Use the appropriate tables to answer the following questions:

  1. What percent of these Tampa, FL voters identify themselves as conservatives?

  2. What percent of these Tampa, FL voters are in favor of the citizenship option?

  3. What percent of these Tampa, FL voters identify themselves as conservatives and are in favor of the citizenship option?

  4. What percent of these Tampa, FL voters who identify themselves as conservatives are in favor of the citizenship option? What percent of moderates share this view? What percent of liberals share this view?

  5. Do political ideology and views on immigration appear to be associated? Explain your reasoning.


Numerical Summaries

Question 2 – Conceptual Questions (1 pt each)

  • Part A How does outlier classification differ between boxplots and histograms?

  • Part B What does it mean to say a statistic is robust?

  • Part C Why do we use median and IQR (instead of mean and standard deviation) for the center and spread when we have skews, outliers, or both?

  • Part D If a distribution is right-skewed with no outliers, which of these will be larger: the median or the mean?

Question 3 (4 pts)

This question is 5.10-Question #22 from the textbook and has been reproduced here.

The first histogram below shows the distribution of the yearly incomes of 40 patrons at a college coffee shop. Suppose two new people walk into the coffee shop: one making $225,000 and the other $250,000. The second histogram shows the new income distribution. Summary statistics are also provided, rounded to the nearest whole number.

  1. Would the mean or the median best represent what we might think of as a typical income for the 42 patrons at this coffee shop? What does this say about the robustness of the two measures?

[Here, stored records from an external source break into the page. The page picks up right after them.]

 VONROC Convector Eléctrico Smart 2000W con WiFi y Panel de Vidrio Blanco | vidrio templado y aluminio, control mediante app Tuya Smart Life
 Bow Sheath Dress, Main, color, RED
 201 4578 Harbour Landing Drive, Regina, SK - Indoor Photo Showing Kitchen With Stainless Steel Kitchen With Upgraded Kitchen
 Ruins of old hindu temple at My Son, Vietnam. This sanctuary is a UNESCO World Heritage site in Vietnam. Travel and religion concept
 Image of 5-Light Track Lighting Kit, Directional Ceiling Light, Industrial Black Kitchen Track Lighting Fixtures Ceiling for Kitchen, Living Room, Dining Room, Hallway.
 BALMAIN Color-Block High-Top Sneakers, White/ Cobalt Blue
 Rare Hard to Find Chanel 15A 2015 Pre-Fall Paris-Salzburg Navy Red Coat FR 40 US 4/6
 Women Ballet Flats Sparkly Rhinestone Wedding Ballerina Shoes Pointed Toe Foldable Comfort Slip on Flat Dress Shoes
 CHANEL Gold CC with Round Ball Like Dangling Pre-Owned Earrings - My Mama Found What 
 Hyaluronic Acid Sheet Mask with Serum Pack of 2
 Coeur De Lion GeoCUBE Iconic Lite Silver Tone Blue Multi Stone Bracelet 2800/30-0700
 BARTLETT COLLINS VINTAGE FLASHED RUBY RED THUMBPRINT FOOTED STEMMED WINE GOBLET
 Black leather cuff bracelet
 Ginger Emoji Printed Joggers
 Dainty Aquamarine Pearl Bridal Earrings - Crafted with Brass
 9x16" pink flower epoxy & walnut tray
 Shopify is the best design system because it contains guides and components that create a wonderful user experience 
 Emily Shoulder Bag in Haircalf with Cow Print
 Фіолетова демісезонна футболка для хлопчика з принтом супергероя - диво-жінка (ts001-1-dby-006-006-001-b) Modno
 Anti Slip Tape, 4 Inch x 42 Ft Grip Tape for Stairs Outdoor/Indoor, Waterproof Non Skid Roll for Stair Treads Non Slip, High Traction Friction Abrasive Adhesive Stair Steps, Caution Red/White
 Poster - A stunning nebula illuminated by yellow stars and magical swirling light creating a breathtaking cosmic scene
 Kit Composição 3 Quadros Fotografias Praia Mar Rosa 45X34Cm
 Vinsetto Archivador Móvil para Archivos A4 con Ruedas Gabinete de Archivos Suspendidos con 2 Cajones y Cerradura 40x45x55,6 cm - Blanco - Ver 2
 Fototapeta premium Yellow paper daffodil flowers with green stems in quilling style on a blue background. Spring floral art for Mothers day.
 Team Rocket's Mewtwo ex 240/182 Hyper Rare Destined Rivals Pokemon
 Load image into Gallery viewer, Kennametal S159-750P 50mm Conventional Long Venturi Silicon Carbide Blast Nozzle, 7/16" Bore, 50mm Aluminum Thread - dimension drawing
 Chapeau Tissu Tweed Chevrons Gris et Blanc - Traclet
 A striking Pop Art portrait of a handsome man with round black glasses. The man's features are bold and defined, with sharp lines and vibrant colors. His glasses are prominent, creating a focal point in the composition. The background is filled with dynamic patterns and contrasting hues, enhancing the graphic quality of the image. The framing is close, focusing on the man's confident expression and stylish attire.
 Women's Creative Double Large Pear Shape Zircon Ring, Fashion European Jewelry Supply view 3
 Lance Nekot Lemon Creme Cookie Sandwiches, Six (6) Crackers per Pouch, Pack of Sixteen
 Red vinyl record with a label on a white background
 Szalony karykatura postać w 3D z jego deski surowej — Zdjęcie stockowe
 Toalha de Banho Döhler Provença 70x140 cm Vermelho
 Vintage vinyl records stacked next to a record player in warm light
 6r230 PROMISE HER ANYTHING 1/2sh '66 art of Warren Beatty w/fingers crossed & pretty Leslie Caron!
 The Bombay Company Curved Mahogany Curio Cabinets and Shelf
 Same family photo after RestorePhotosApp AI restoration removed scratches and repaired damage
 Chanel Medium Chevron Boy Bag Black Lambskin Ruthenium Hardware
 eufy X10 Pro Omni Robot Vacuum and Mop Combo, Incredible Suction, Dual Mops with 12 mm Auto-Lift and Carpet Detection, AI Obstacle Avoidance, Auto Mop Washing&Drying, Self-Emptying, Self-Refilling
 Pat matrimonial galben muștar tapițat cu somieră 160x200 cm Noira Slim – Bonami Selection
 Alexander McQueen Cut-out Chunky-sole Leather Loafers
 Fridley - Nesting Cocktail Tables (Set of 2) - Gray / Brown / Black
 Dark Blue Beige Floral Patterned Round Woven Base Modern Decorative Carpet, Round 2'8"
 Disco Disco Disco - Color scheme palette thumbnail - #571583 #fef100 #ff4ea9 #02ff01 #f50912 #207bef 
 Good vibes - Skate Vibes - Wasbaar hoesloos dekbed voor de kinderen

  2. Describe the distribution of incomes for the coffee shop’s 42 patrons using the bottom histogram (‘After’). You may assume the value for Q3 is $68,000 (this may or may not be necessary).


Study Design

Question 4 – Conceptual Questions (1 pt each)

  • Part A What does it mean for a sample to be representative of a population?

  • Part B What is the difference between an Experiment and an Observational Study?

  • Part C What type of randomness do we need in a study in order to make cause-and-effect statements?

  • Part D What name do we give to variables that interfere with our ability to make cause-and-effect statements?

Question 5 (4 pts)

The following is Chapter 2.5, Q3 from the textbook recreated.

Researchers collected data to examine the relationship between air pollutants and preterm births in Southern California. During the study air pollution levels were measured by air quality monitoring stations. Length of gestation data were collected on 143,196 births between the years 1989 and 1993, and air pollution exposure during gestation was calculated for each birth. (Ritz et al. 2000)

  • Part A Identify the population of interest and the sample in this study.

  • Part B Comment on whether the results of the study can be generalized to the population, and if the findings of the study can be used to establish causal relationships.

Question 6 (3 pts)

The following is Chapter 2.5, Q12 from the textbook recreated.

A study that surveyed a random sample of otherwise healthy high school students found that they are more likely to get muscle cramps when they are stressed. The study also noted that students drink more coffee and sleep less when they are stressed.

  • Part A What type of study is this?

  • Part B Can this study be used to conclude a causal relationship between increased stress and muscle cramps?

  • Part C State possible confounding variables that might explain the observed relationship between increased stress and muscle cramps.